» **Materials provided**:

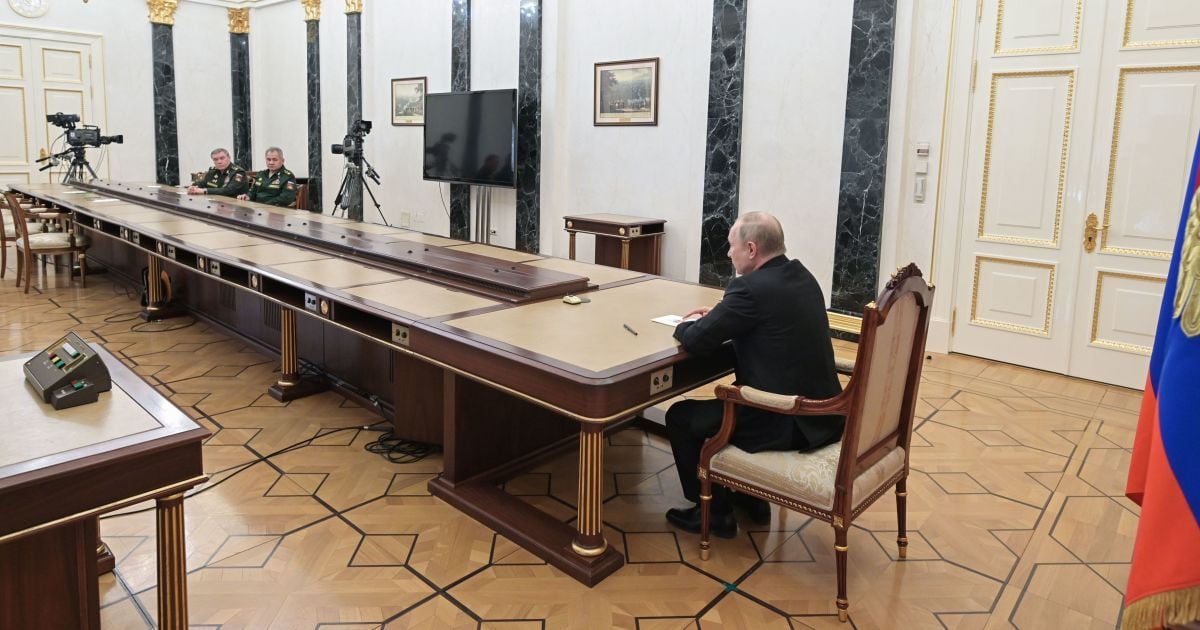 Путін божеволіє?: американська розвідка намагається оцінити душевний стан тирана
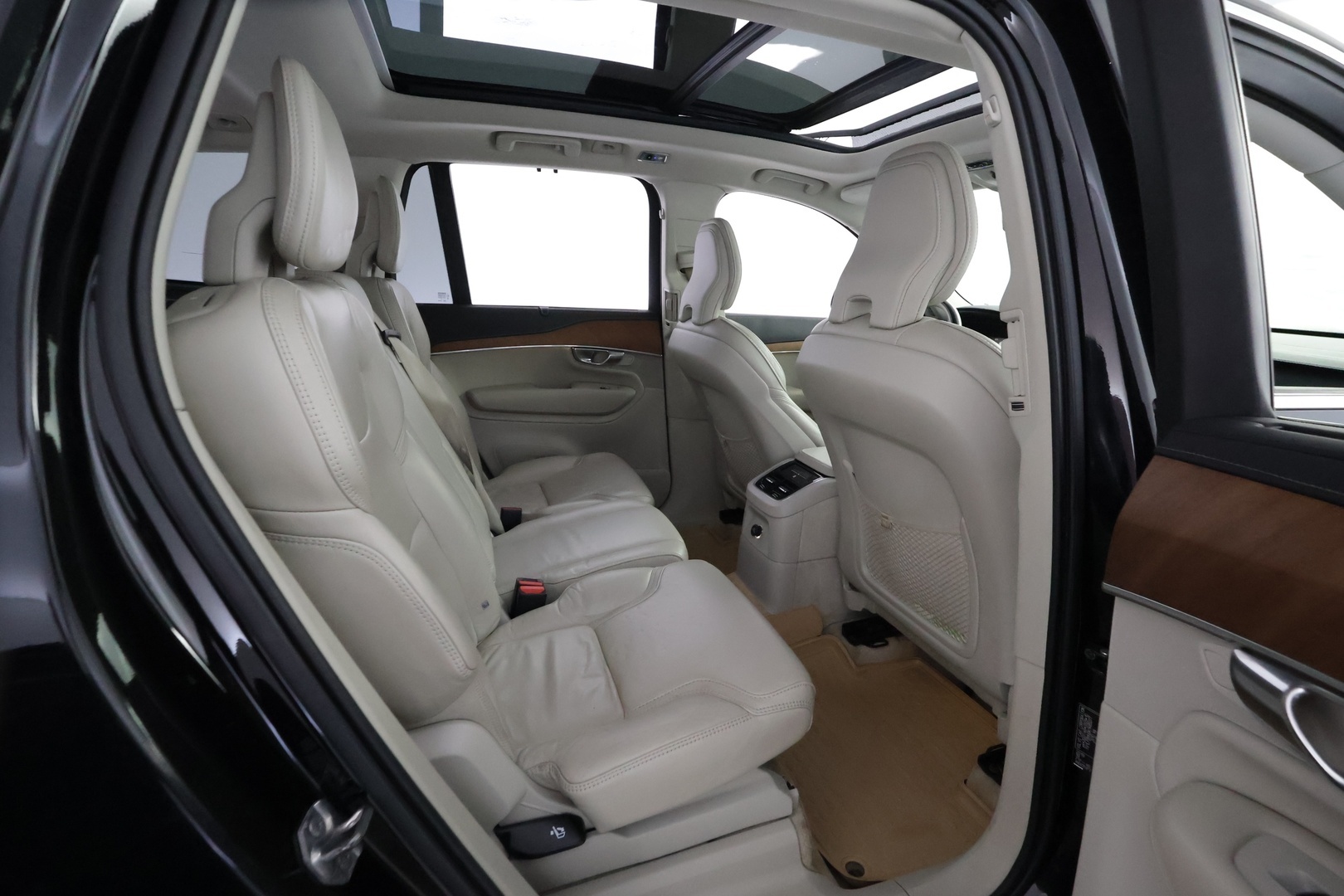 VOLVO XC90 2019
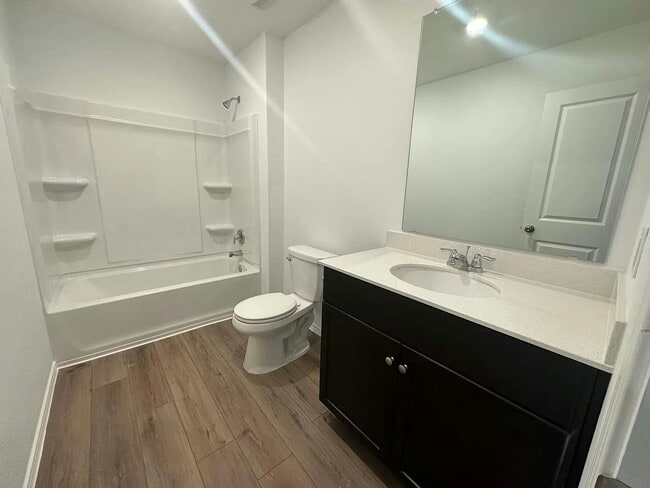 Building Photo - 280 Amber Gln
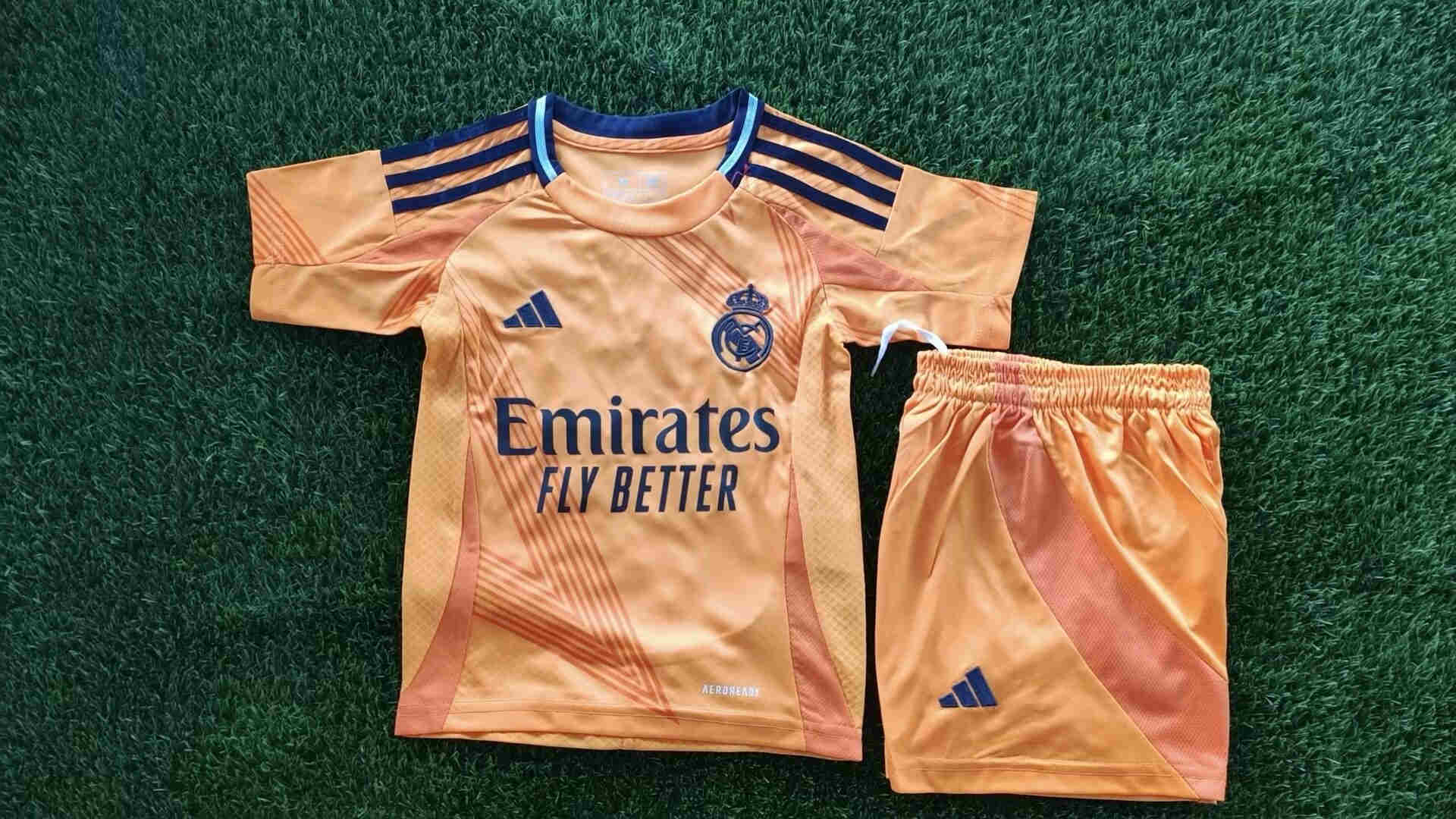 2024-20254  Real Madrid goalkeeper  kids kit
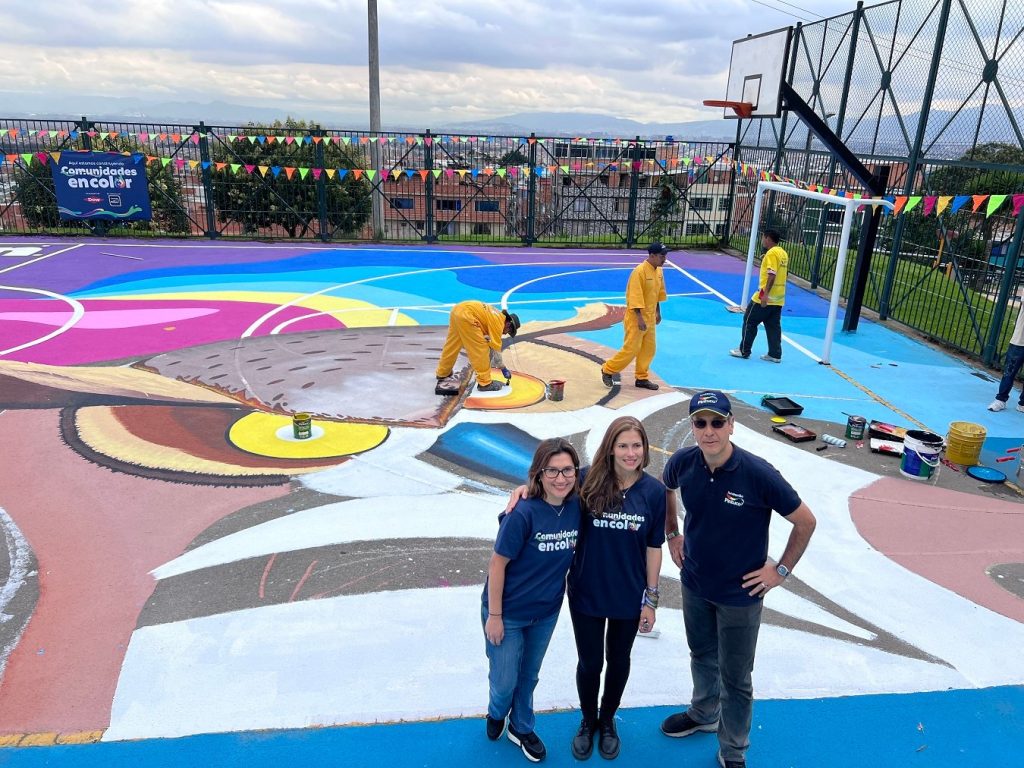 Tejidos Urbanos, iniciativa que lidera primera dama de Bogotá, revitaliza una cancha en Ciudad Bolívar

» **Assigned task**: Without any pictures, output the entries above exactly as they appear.

» **Result of the exercise**:
 Путін божеволіє?: американська розвідка намагається оцінити душевний стан тирана
 VOLVO XC90 2019
 Building Photo - 280 Amber Gln
 2024-20254  Real Madrid goalkeeper  kids kit
 Tejidos Urbanos, iniciativa que lidera primera dama de Bogotá, revitaliza una cancha en Ciudad Bolívar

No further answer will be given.